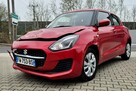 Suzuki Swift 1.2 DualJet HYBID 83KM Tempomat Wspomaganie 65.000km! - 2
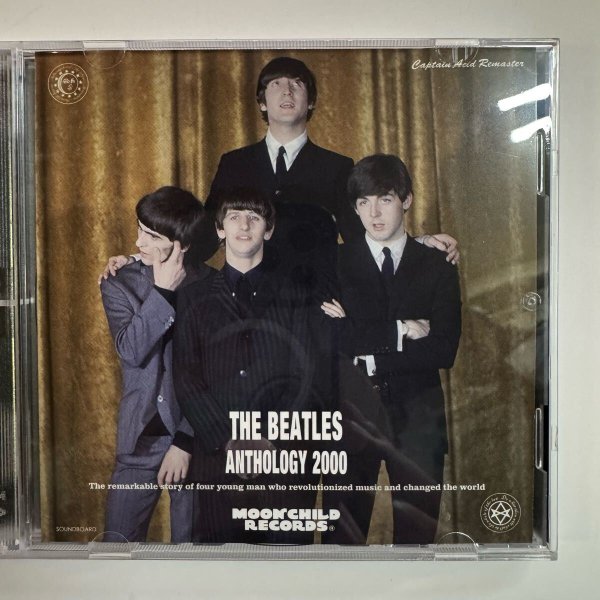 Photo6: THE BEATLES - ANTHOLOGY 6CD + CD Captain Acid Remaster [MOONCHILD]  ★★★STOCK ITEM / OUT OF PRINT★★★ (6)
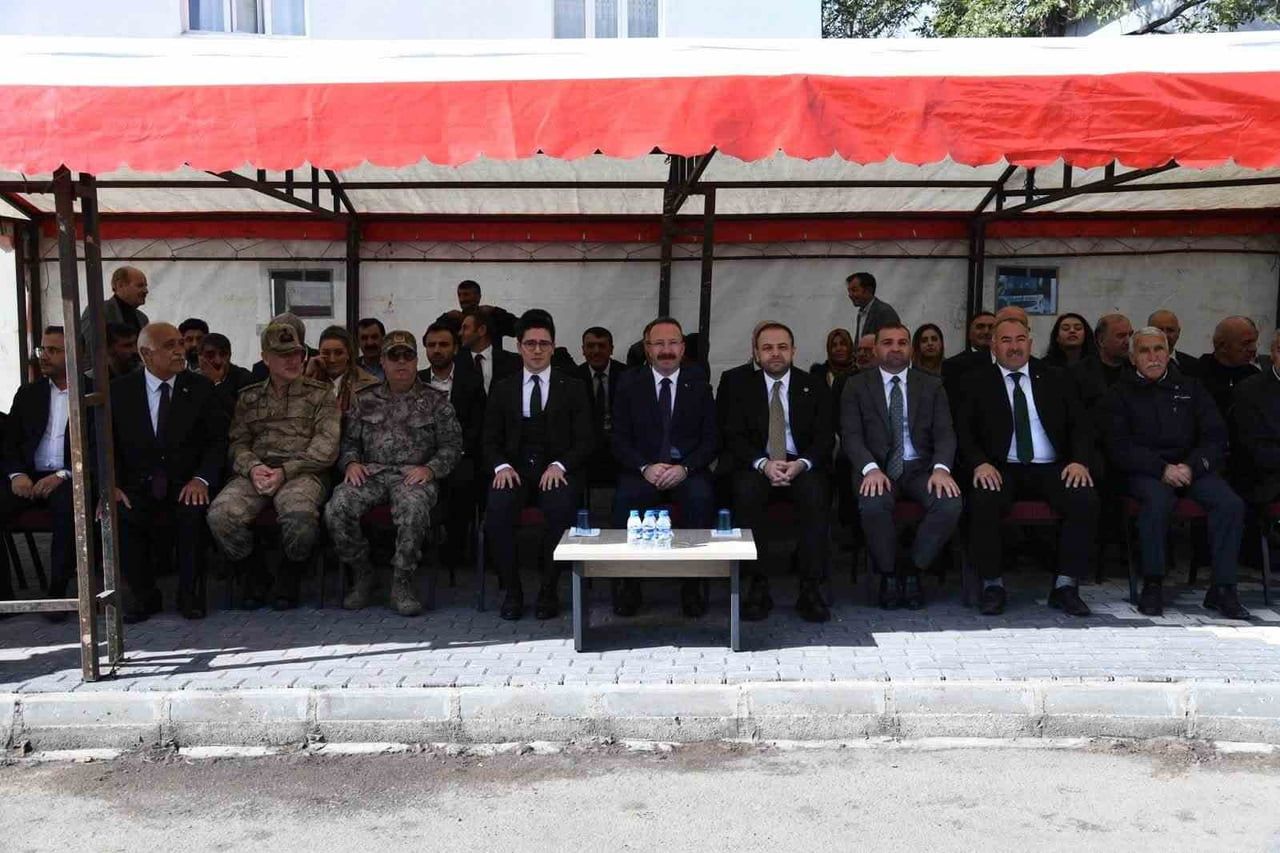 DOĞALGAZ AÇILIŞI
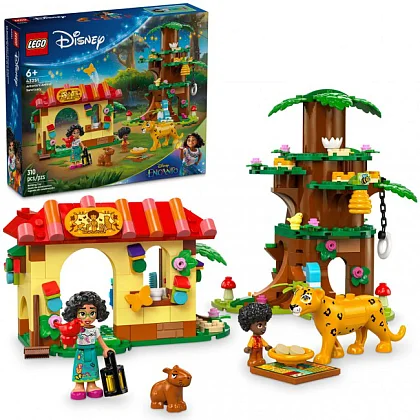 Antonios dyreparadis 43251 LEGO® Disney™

+---+

Restate every line above word for word. Do not carry over the images.

 Suzuki Swift 1.2 DualJet HYBID 83KM Tempomat Wspomaganie 65.000km! - 2
 Photo6: THE BEATLES - ANTHOLOGY 6CD + CD Captain Acid Remaster [MOONCHILD]  ★★★STOCK ITEM / OUT OF PRINT★★★ (6)
 DOĞALGAZ AÇILIŞI
 Antonios dyreparadis 43251 LEGO® Disney™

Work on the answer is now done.